One thing you can do to help is make sure you’re using your business website domain in the sender email address. This helps you avoid giving off a sketchy vibe and lets your contacts take you more seriously.
When setting the sender name (the name that appears as the sender in the inbox), choose a name that includes your business name in it as well.
For example, I send our newsletter as “Jeff @ Sendinblue.” That way, recipients know that it’s coming from Sendinblue, but with the personal touch that comes with adding my name. You can also go with the classic “[Company] Team,” though this isn’t as personable.
If you use your normal first and last name, recipients won’t know it’s from you and they might just delete it straight away.
6. Send consistently
Consistency is another important factor for improving reader engagement with your email campaigns. Find the right timing and frequency helps by:
- Placing your email in readers’ inboxes at the time when they’re most active
- Creating expectations for your readers so they know when to look out for your new campaigns
Finding the right time of day or day of the week to send emails may take some testing — every audience is different. But it will pay off in the end.
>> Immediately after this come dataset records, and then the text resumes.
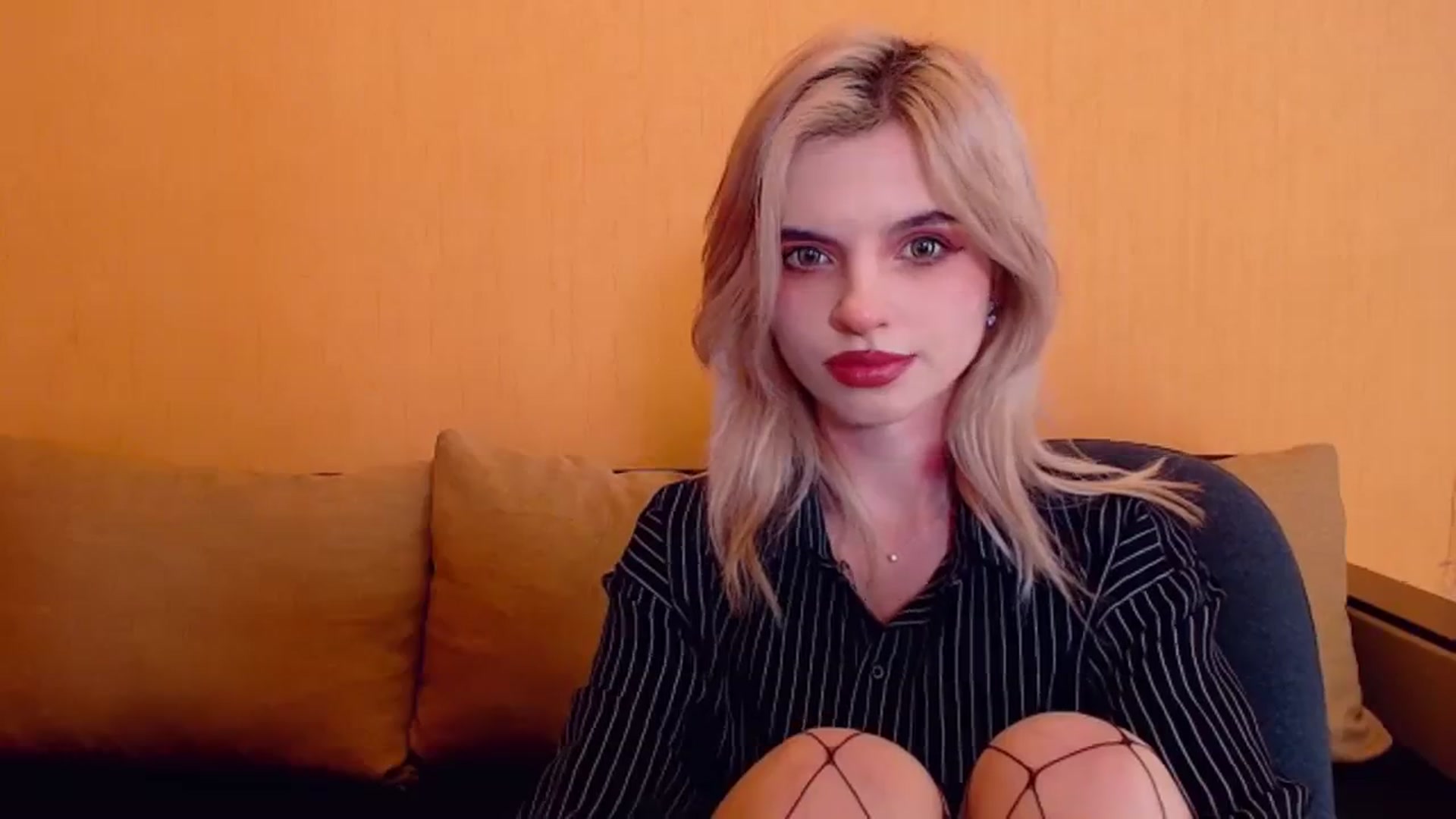 Gallery image thumbnail from Erineys's myfreecams stream on, 12/30/2023, 16:22 image 3 of 20
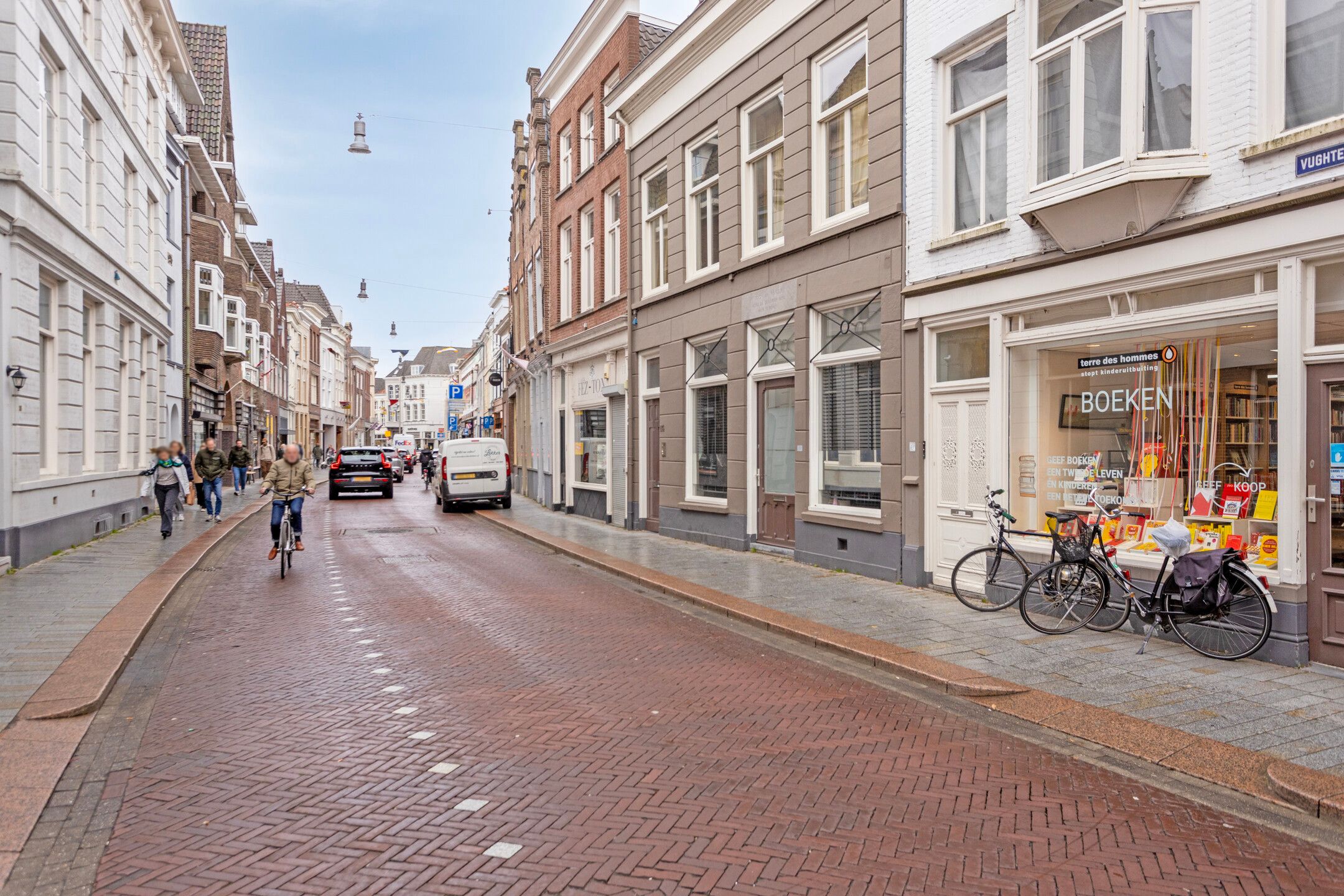 Photo 18 of Berewoutstraat 1-A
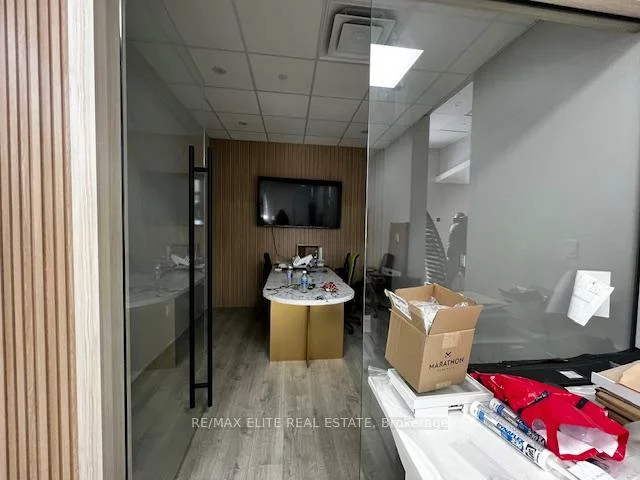 150, Ferrier, Milliken Mills West, Markham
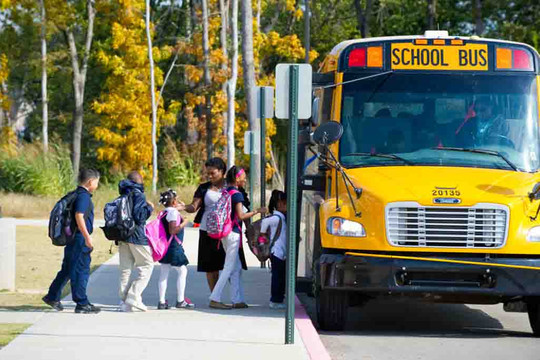 Đưa đón học sinh của trường bằng xe bus thế nào cho an toàn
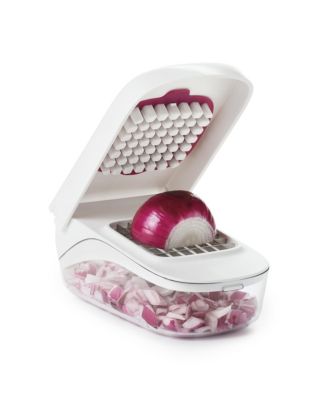 Vegetable Chopper with Easy-Pour Opening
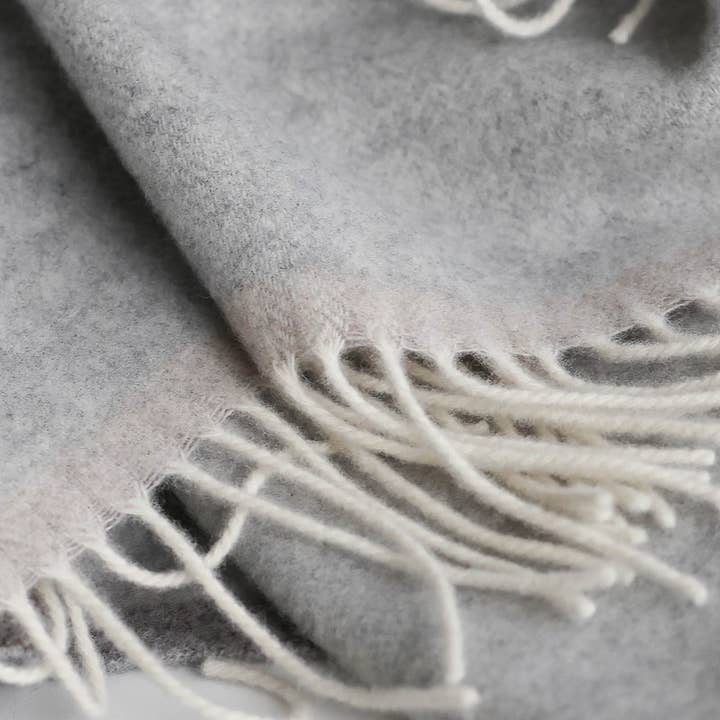 MoST - Wholesale Throw Blanket - Merino/cashmere Throw Blanket MILANO - light grey1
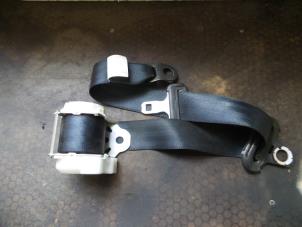 Used Rear seatbelt, right Peugeot 107 1.0 12V Price on request offered by Autodemontage Joko B.V.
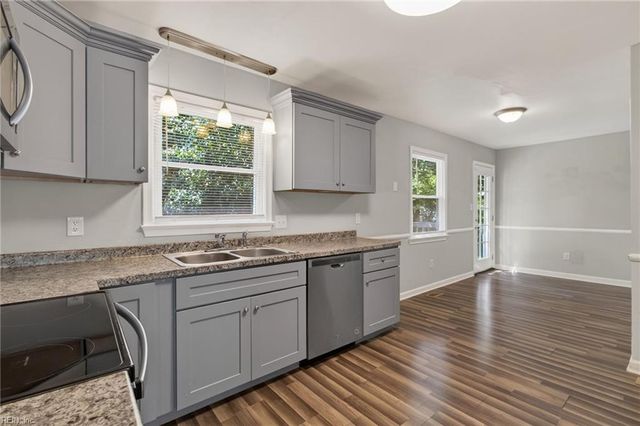 419 Dunham Massie DR, Hampton, VA 23669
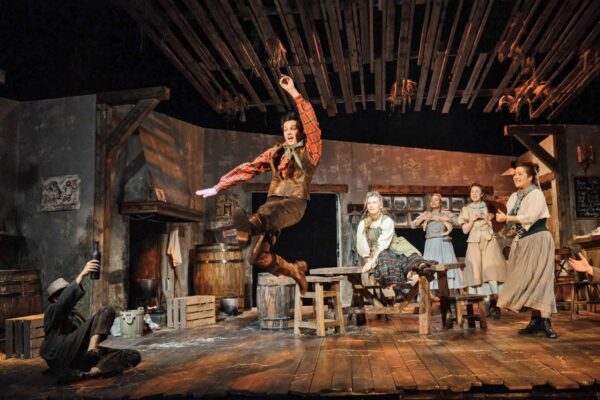 Мюзикл «Удалой молодец – гордость Запада», Московский Новый драматический театр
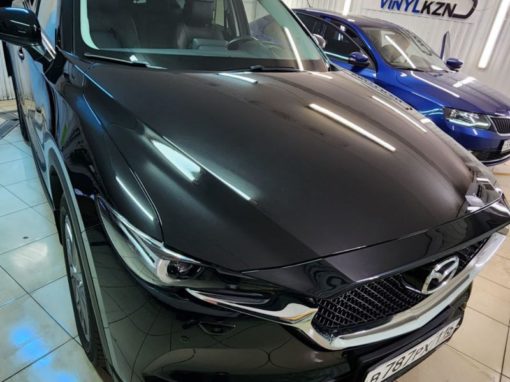 Mazda CX 5 — забронировали прозрачной полиуретановой плёнкой капот, фары и другие элементы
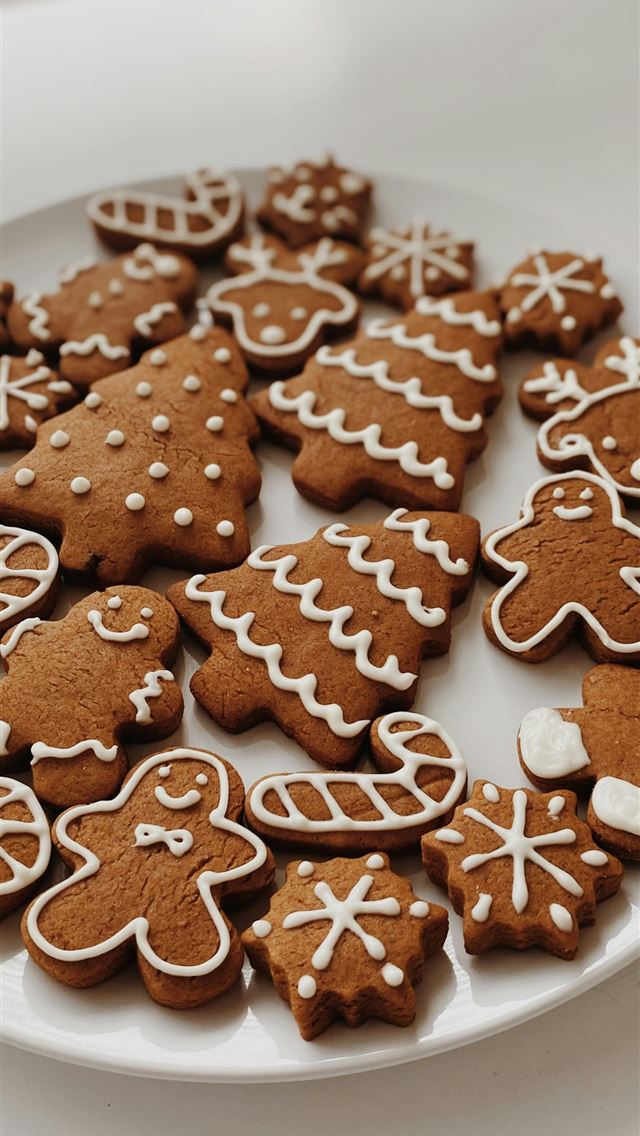 1290x2796 brown cookies on white ceramic plate - birthday cake iPhone Wallpaper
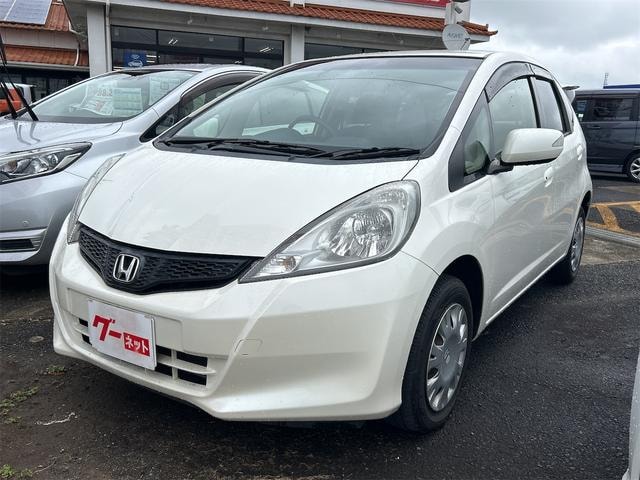 Honda FIT 2012 — фото автомобиля 1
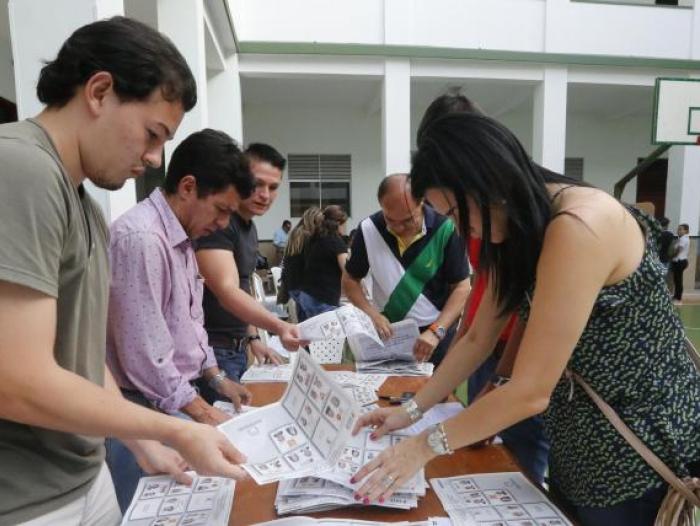 Jurados de votación haciendo escrutinio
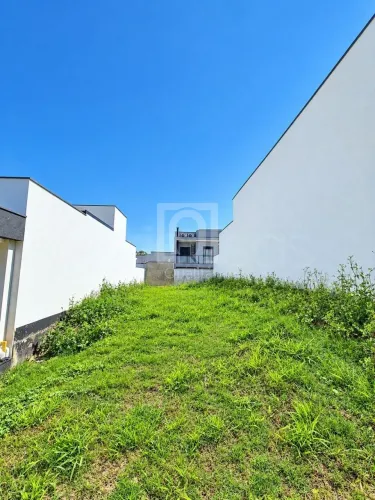 Terreno à Venda Condomínio Horto Florestal Villagio em Sorocaba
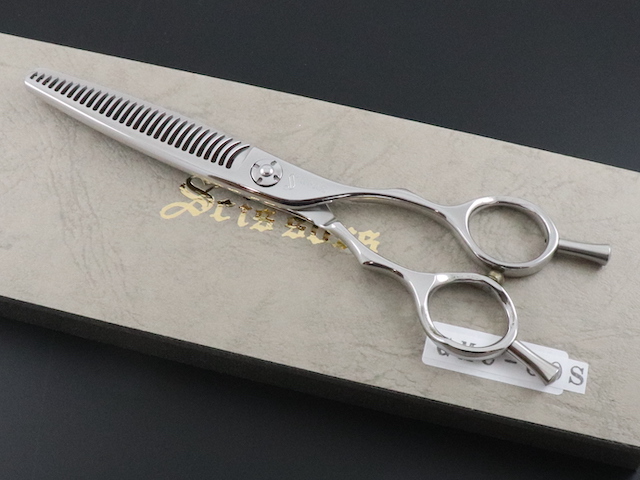 【中古セニング】島理研 DAN3 30W(カット率20～25%）美容師用 理容師用 トリマー用 セルフカット用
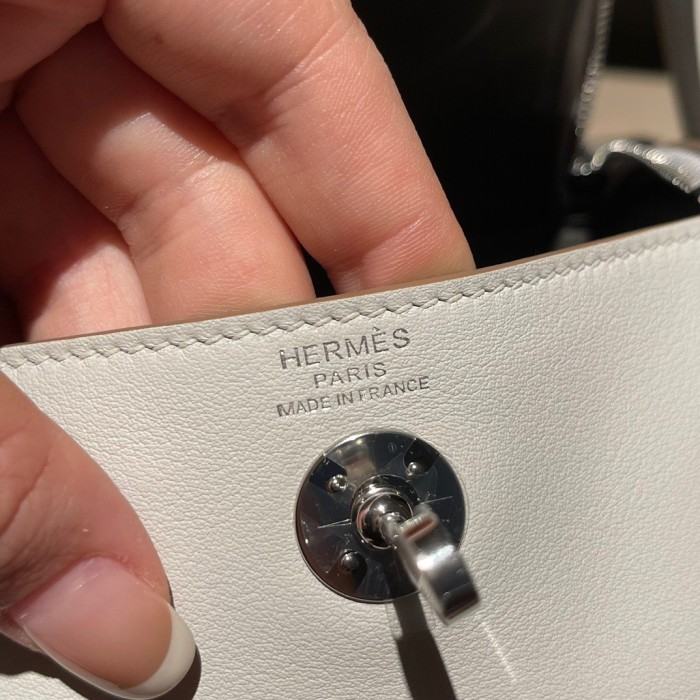  Handbags Hermes Mini Lindy  size:18 cm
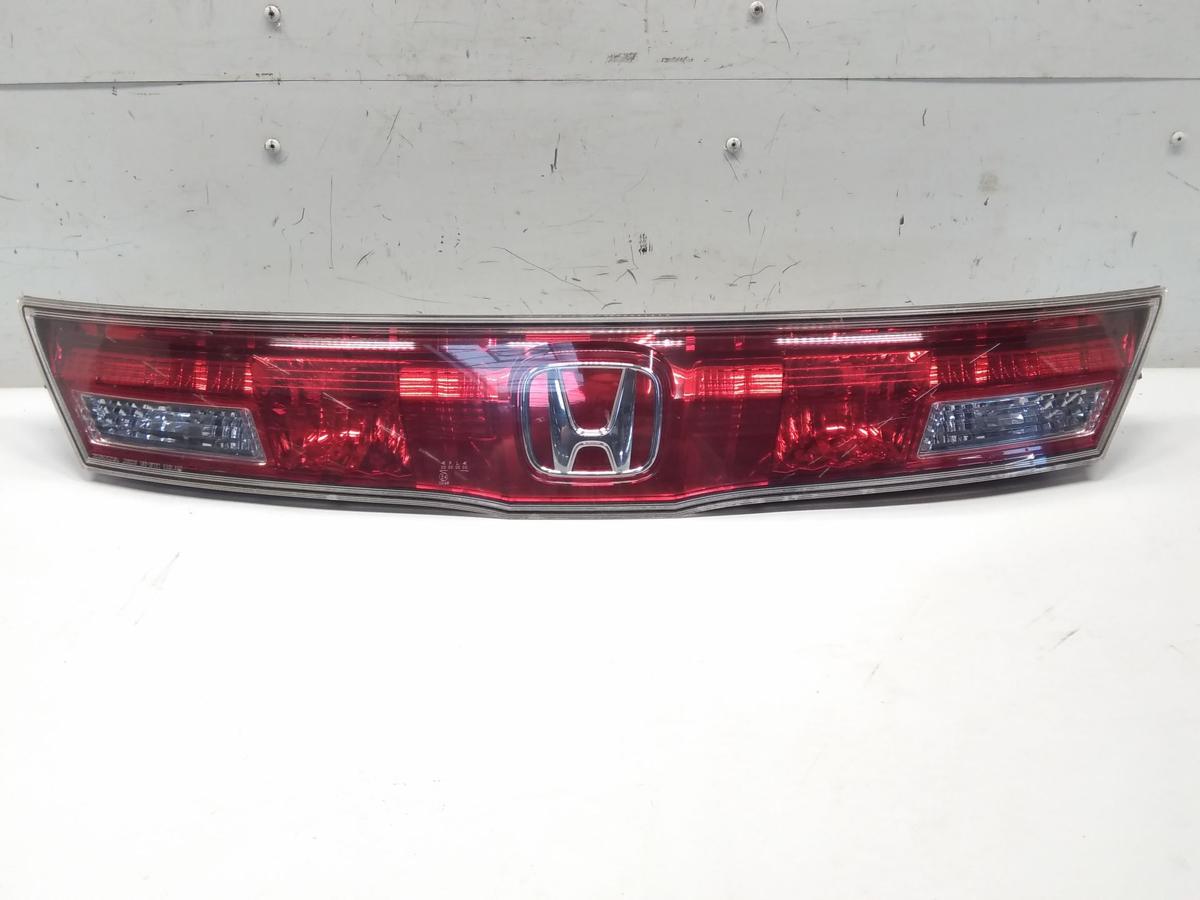 Honda Civic VIII FK original Rückleuchte Heckblende mitte BJ2008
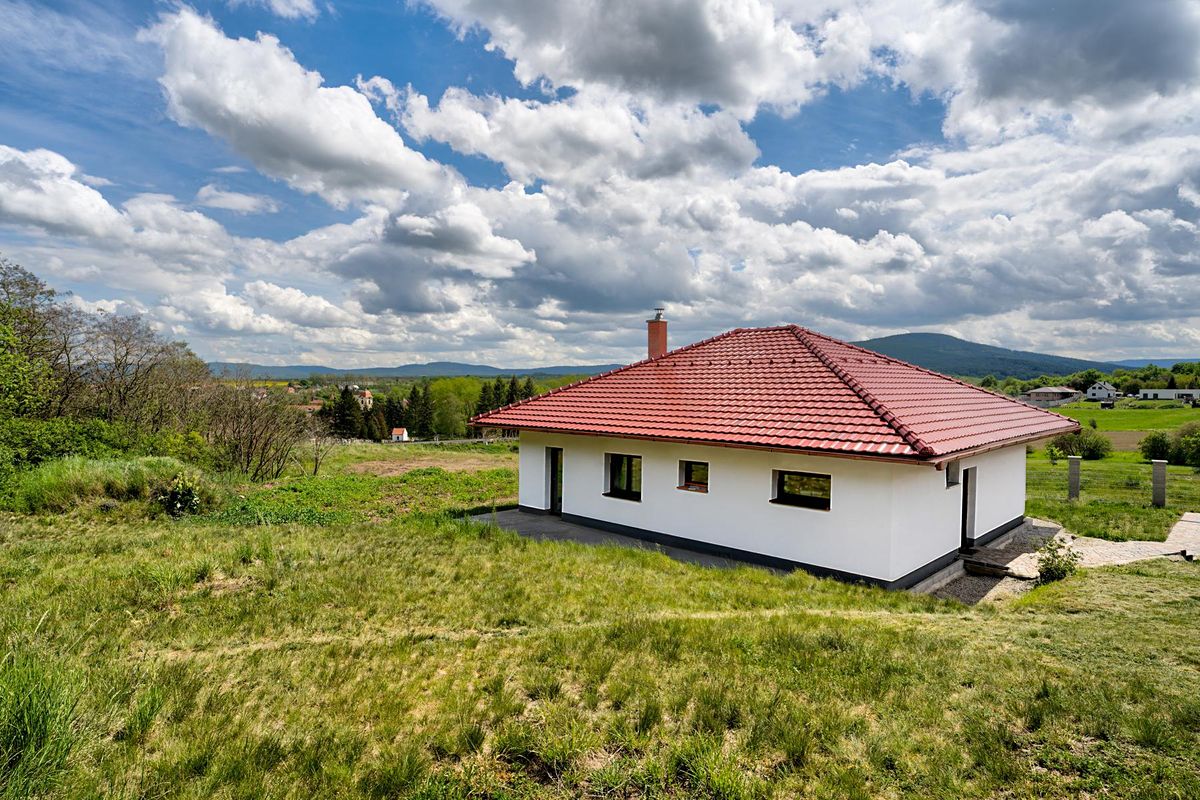 Prodej rodinného domu 104 m², pozemek 1216 m²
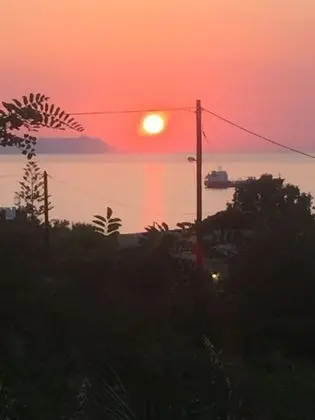 Üç Kişilik Oda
Both of those increase the likelihood that contacts will open and click on your emails. And remember, anything that improves engagement, improves deliverability as well.
7. Follow email marketing best practices
As we mentioned a few times already, a big part of improving deliverability is getting more contacts to open and click on content in your emails. The best way to achieve that is by following basic email marketing best practices:
- Send content that your users actually want to read – Readers give you their contact information so they can get something of value from you. Whether it’s discounts, exclusive tips, witty content, or something else, there has to be something in it for them or they won’t engage. Make sure to always ask yourself if your content will provide that value before hitting send.
- Make it easy to unsubscribe – I’ve said it before, and I’ll say it again: you do NOT want to keep contacts in your list if they aren’t interested in your content. This will only hurt your engagement. Make it easy for them to unsubscribe if they’ve lost interest — otherwise, they might get frustrated and just send you to spam. That is far worse than losing a subscriber.
Advanced Email Deliverability Best Practices
Now that we’ve got the basics out of the way, it’s time to get a bit more technical.
Here are a few advanced steps you can take to improve your email deliverability even more.
8. Avoid using free email provider domains
When setting up senders in your email marketing account, you should avoid using free email provider domains like Gmail (others include AOL, Yahoo, etc.).
Many of these providers have adopted a DMARC policy (more on this soon) that tells email inbox providers to reject any emails that don’t have the proper technical signatures.
What is DMARC?
DMARC, or Domain-based Message Authentication, Reporting, and Conformance, is a set of instructions published in the DNS records of a specific domain to inform email inbox providers on how to respond to suspicious email content using this domain.
For example, if you’re sending an email with a Gmail address through a third-party software like Sendinblue, and outside of the Gmail framework, your message will be rejected. This is done to prevent phishing scams and other types of attacks using the Gmail domain.
So, instead of using a free email address for your sending — set up a sender that uses your own domain. This looks more professional anyways. 🙂
9. Consider using a dedicated IP
Most email marketing services have a range of IP addresses that are used for sending emails.
These IP addresses are often shared by multiple customers. This means one customer’s sending behavior can affect the reputation of other senders on the same IP address.
Luckily, Sendinblue and most other email marketing providers perform checks on new users to make sure they aren’t going to abuse the platform and hurt the deliverability of other users.
If you still have concerns, there is another option. Sendinblue offers dedicated IP addresses, which allow you to take full control of your sender reputation.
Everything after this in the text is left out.